Memories that we wish we could forget…things that we wish we could banish from our minds.
Imagine that writing down your worst memory will free you of it.
What is it?
Why does it haunt you?
What could you have done differently?
Write it down and let it go.
Let’s keep it to 600 words or less.
Would I take it away? My first reaction is always yes, yes, please make it so it never happened. It's painful, it's embarrassing, it ruined relationships. There are still mornings when I wake up in a panic after dreaming about it.
It's fading, though. Slowly. Writing is definitely cathartic for me, so I have started to write about it several times. I can't seem to put it into the right words yet. The day will come.
For now, I will just say that though it was awful for me, so many people experience much, MUCH worse things. I'm thankful that in the scope of life, it was something relatively painless. And thankful for my husband who loves me, flaws and all.
I still wish it hadn't happened.

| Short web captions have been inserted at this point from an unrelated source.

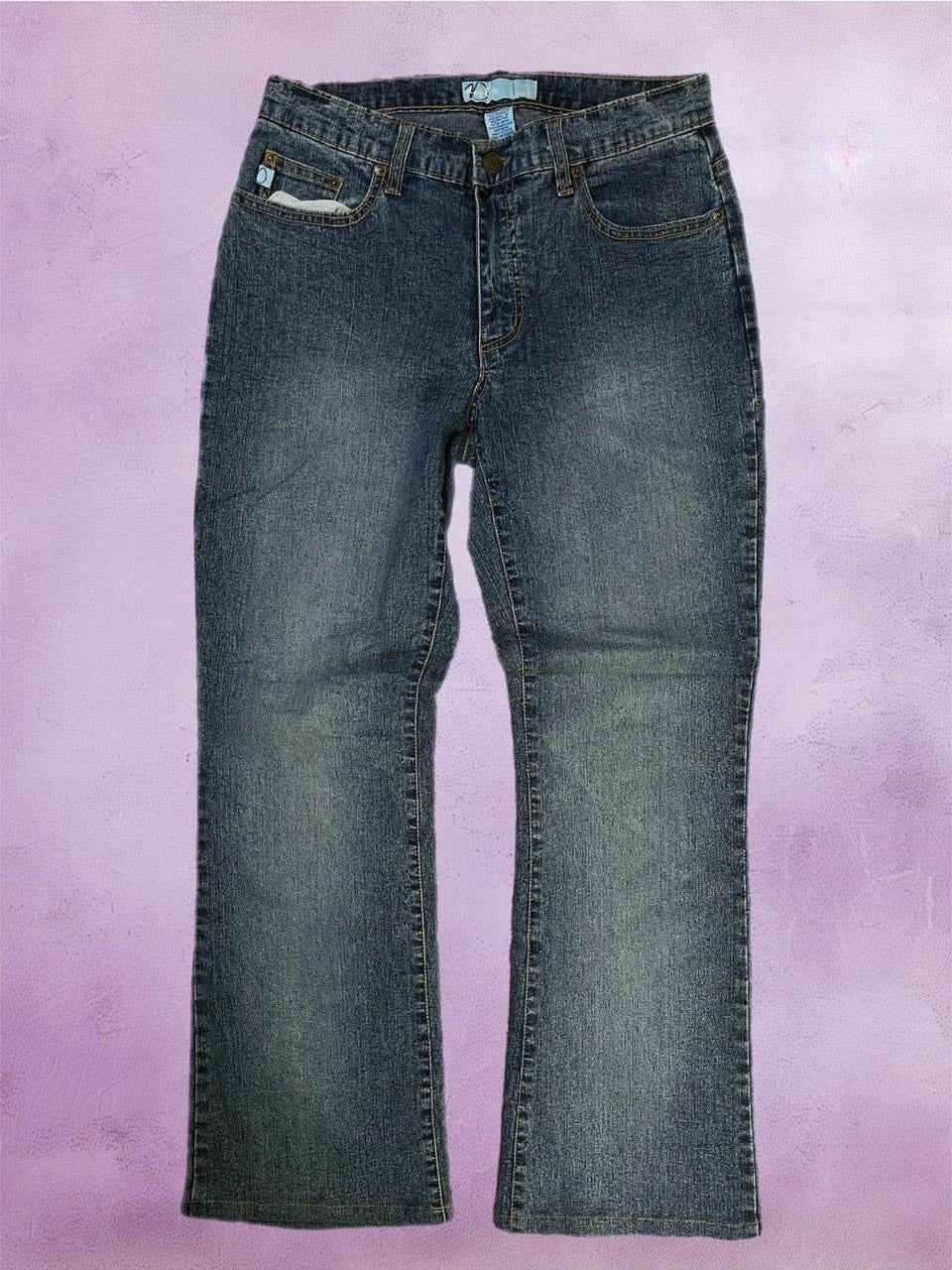 Low rise straight leg jeans with embroidered pockets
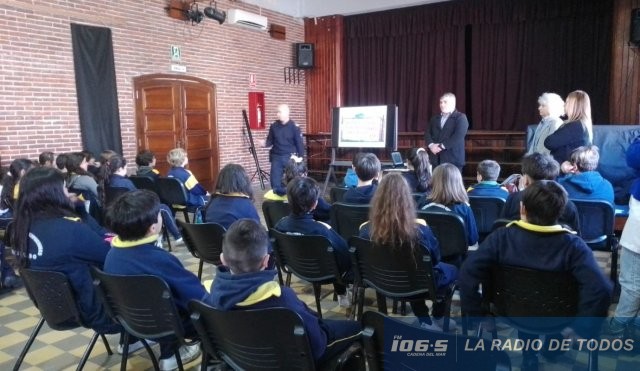 CHARLA CYBER ACOSO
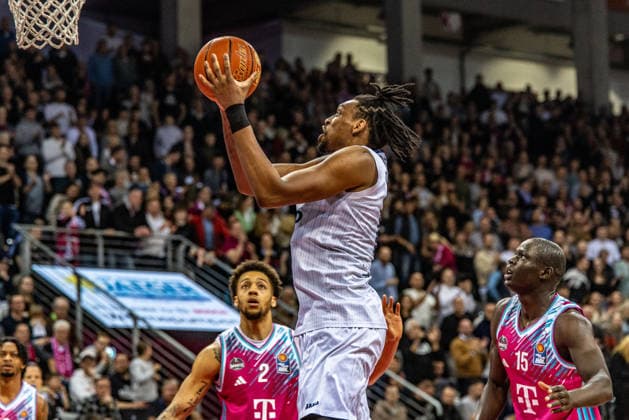Osun Osunniyi (MLP Academics Heidelberg, 12) allein am Korb, Kur Jongkuch (Telekom Baskets Bonn, 15) und Alijah Comithier (Telekom Baskets Bonn, 02) schauen zu Telekom Baskets Bonn vs. MLP Academics Heidelberg, Basketball, easy Credit BBL, 27. Spieltag, 2025 2026, 02.04.2026 Telekom Baskets Bonn vs. MLP Academics Heidelberg, Basketball, easy Credit BBL, 27. Spieltag, 2025 2026, 02.04.2026 Bonn Copyright: xEibner-Pressefoto GerhardxWingenderx EP_GWR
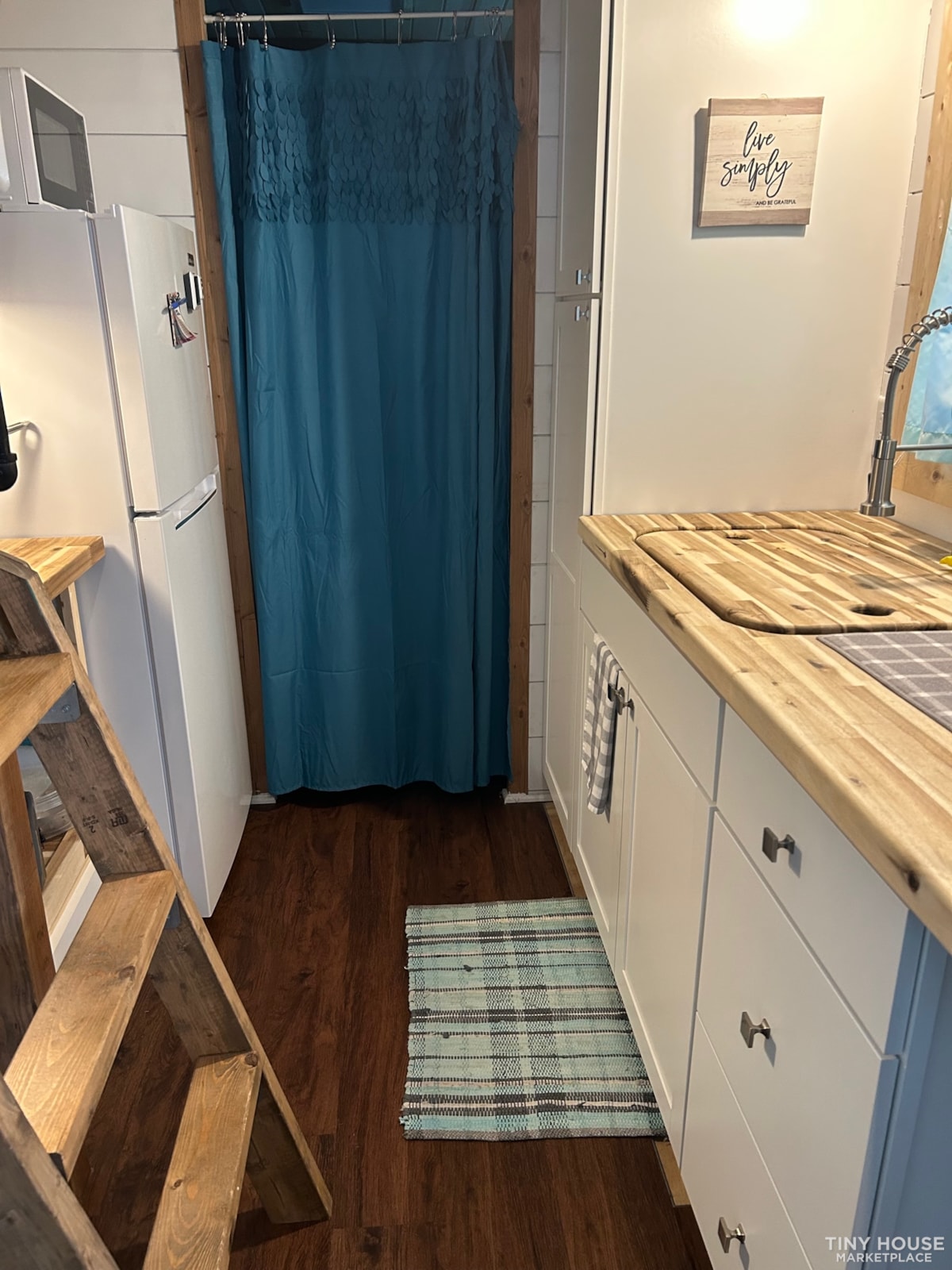Tiny Home on wheels - Image 2 Thumbnail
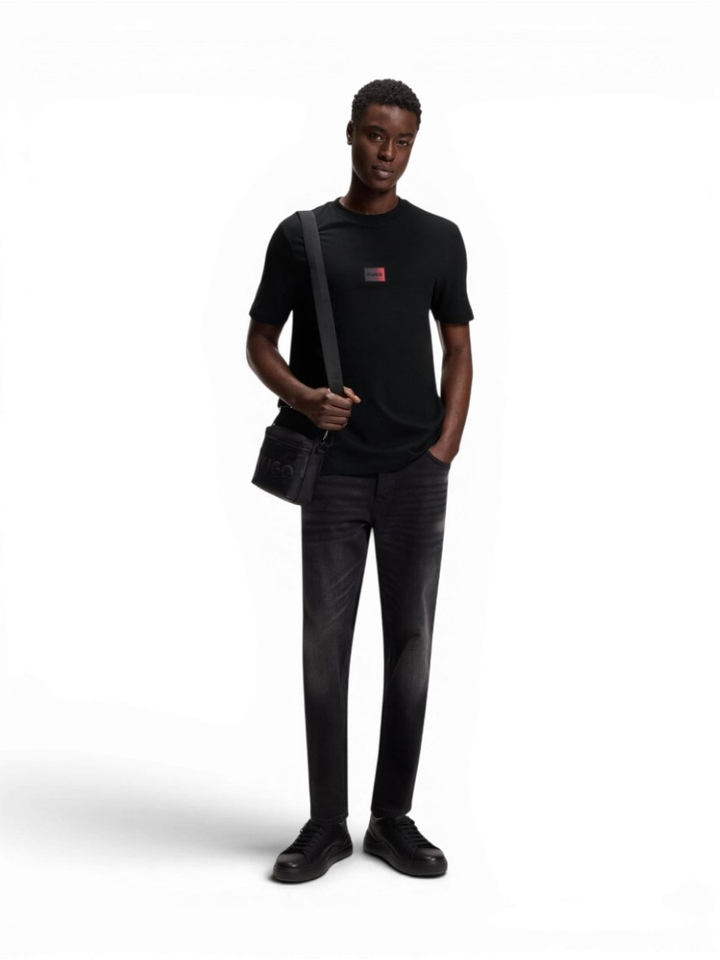 Zwarte t-shirt met logo detail Danotie Hugo Boss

But in retrospect, if it hadn't happened, my life would probably be completely different right now.
Without it, I wouldn't have seen the love that was in front of me.
Without it, I wouldn't have a hilarious, beautiful, toddler with an incredible appetite for learning.
Without it, I wouldn't have a brilliant, gorgeous, red-headed preschooler whose tender heart makes me smile every day.
Without it, I wouldn't have married my best friend.
So, no. As much as I wish it hadn't happened, I would never take it away.